WHAT IS REQUIRED
Retype the line with "Workshop 'Effiziente Software-Bereitstellung: Power" exactly. Then retype every line after it through the end of the entries below, and nothing more, leaving out pictures.

Image-caption web data:
--- START ---

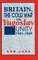 Britain, the Cold War and Yugoslav Unity, 1941-1949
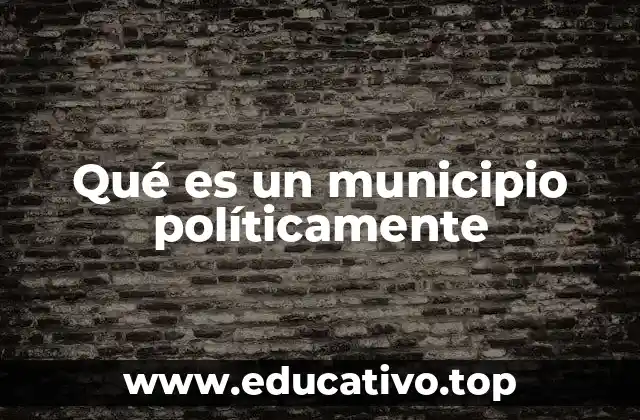 Qué es un municipio políticamente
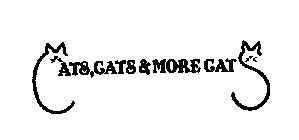 CATS, CATS & MORE CATS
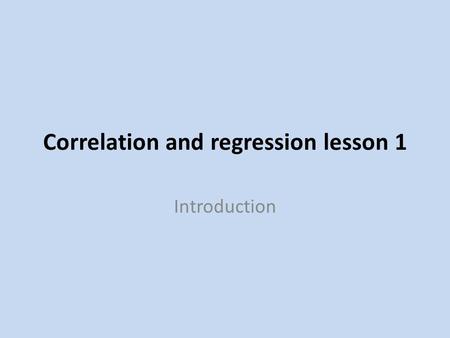 Correlation and regression lesson 1 Introduction.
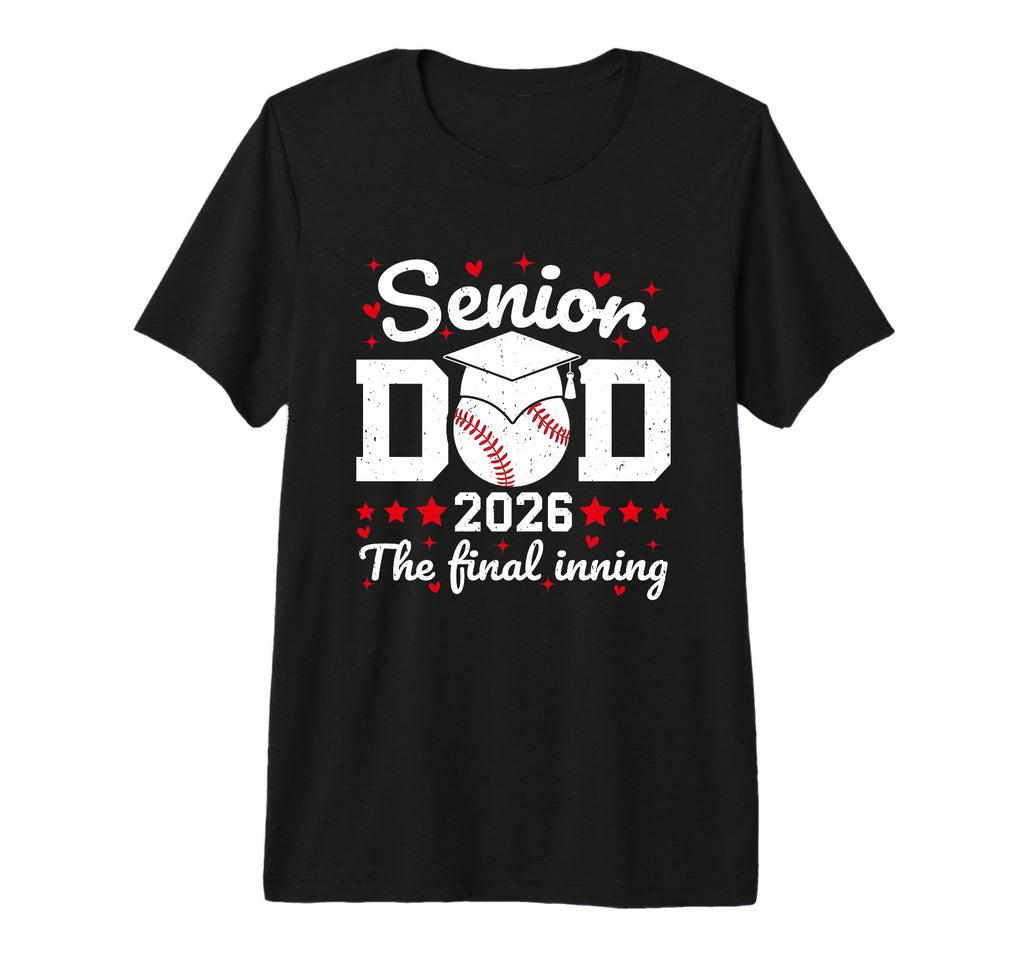 Senior Dad 2026 Final Inning T-Shirt - Casual Everyday Wear for Adults - T-Shirt, Sweatshirt, Hoodie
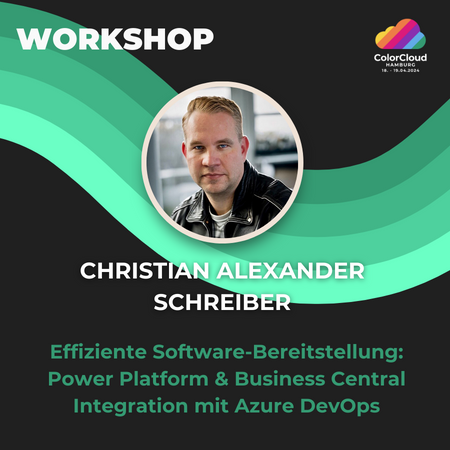 Workshop 'Effiziente Software-Bereitstellung: Power Platform & Business Central Integration mit Azure DevOps' by Christian Alexander Schreiber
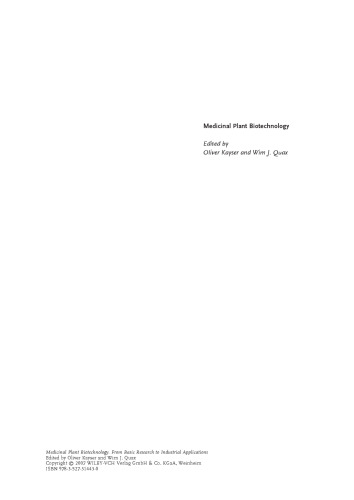 Medicinal Plant Biotechnology: From Basic Research to Industrial Applications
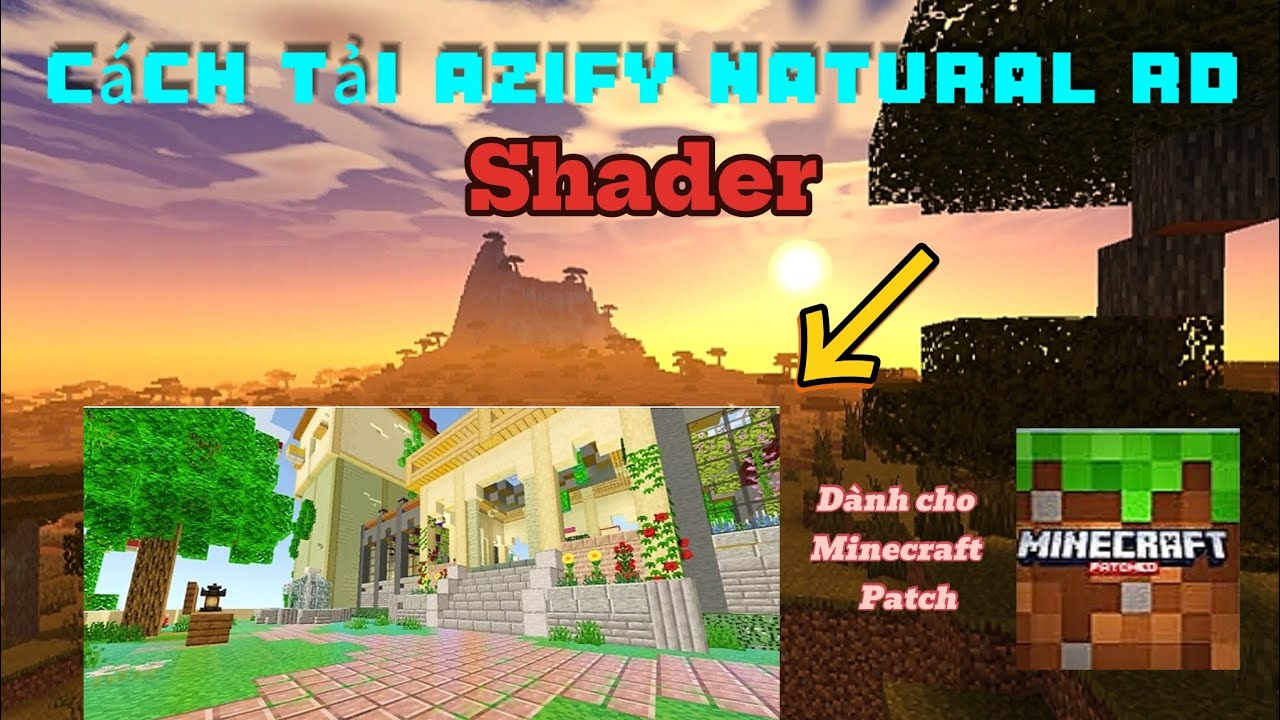 Minecraft Shade Rd Landscape Cách tải Azify Natural RD Shader chỉ dành cho Minecraft patch 1.21.44 ...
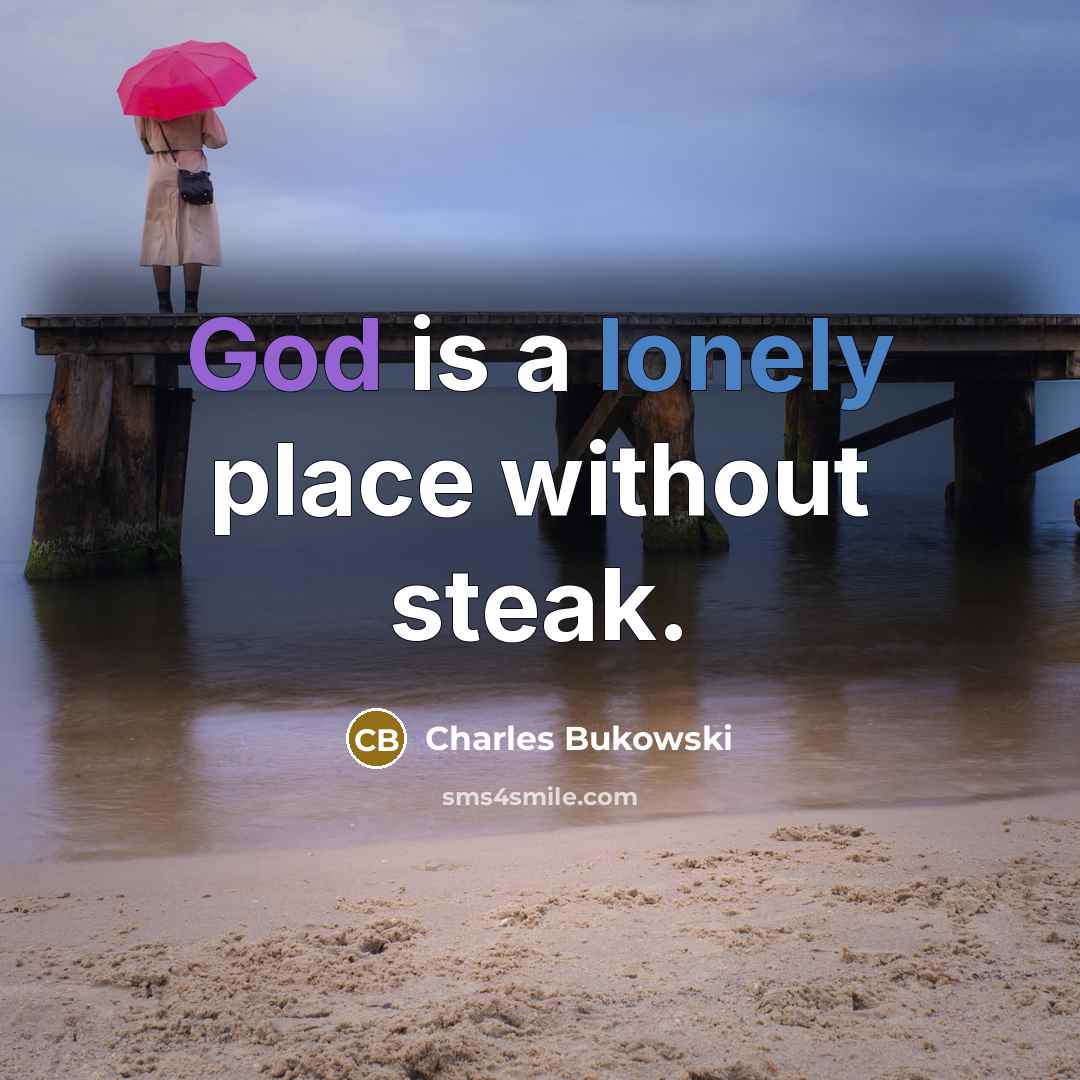 “God is a lonely place without steak.” quote by Charles Bukowski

--- END ---

ANSWER TO THIS EXERCISE
 Workshop 'Effiziente Software-Bereitstellung: Power Platform & Business Central Integration mit Azure DevOps' by Christian Alexander Schreiber
 Medicinal Plant Biotechnology: From Basic Research to Industrial Applications
 Minecraft Shade Rd Landscape Cách tải Azify Natural RD Shader chỉ dành cho Minecraft patch 1.21.44 ...
 “God is a lonely place without steak.” quote by Charles Bukowski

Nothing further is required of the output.